Go through the following listing and count each line that contains the string "Give"; the answer is that number alone.

** Data for processing follows **

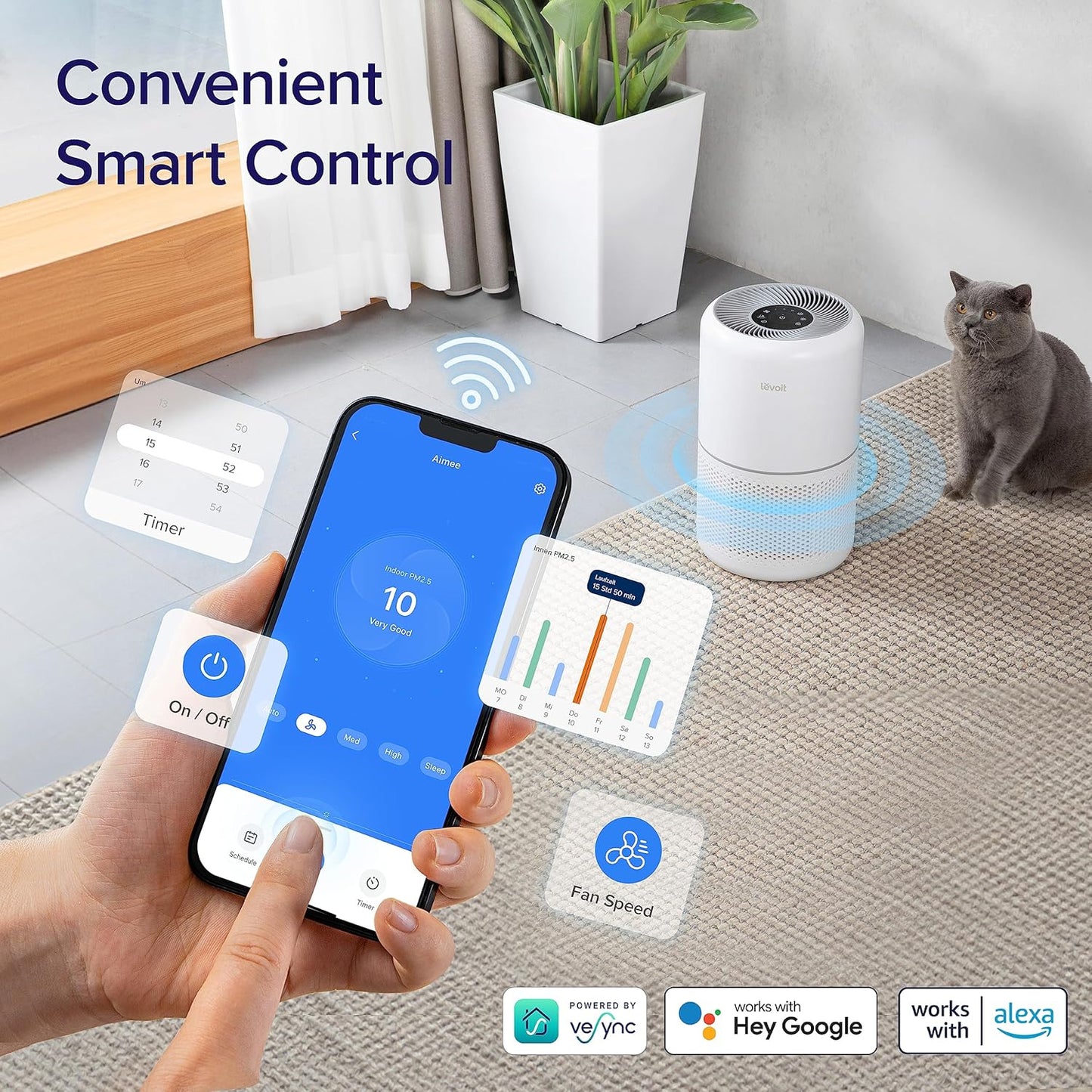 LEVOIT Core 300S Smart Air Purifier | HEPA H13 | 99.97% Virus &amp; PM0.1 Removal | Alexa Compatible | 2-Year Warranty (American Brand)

** End of Data for processing **
** Data for processing follows **

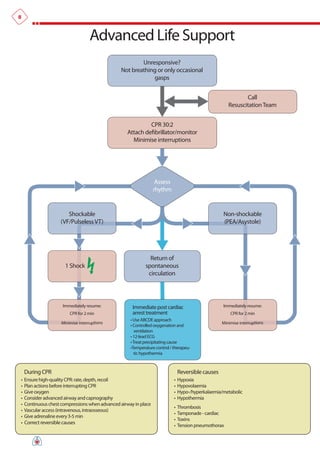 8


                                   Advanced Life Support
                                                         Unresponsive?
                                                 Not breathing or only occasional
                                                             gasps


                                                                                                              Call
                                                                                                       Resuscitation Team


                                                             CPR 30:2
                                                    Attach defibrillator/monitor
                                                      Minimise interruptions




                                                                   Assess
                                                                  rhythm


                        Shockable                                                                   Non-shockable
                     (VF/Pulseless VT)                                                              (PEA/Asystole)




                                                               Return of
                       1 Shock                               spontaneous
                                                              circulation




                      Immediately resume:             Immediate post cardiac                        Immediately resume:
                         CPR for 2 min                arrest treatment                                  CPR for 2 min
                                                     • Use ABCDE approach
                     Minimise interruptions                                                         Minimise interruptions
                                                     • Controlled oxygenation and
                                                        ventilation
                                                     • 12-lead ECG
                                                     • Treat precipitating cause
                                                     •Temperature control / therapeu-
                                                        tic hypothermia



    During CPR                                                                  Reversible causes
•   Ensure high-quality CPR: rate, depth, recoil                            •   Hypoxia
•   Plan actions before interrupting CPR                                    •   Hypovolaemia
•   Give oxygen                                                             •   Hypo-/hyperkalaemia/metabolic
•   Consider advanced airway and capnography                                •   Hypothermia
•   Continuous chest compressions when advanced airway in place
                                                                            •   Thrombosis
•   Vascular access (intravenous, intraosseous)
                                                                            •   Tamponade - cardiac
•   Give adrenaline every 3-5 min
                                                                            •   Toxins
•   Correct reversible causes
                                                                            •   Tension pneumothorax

** End of Data for processing **

▸ Reply
2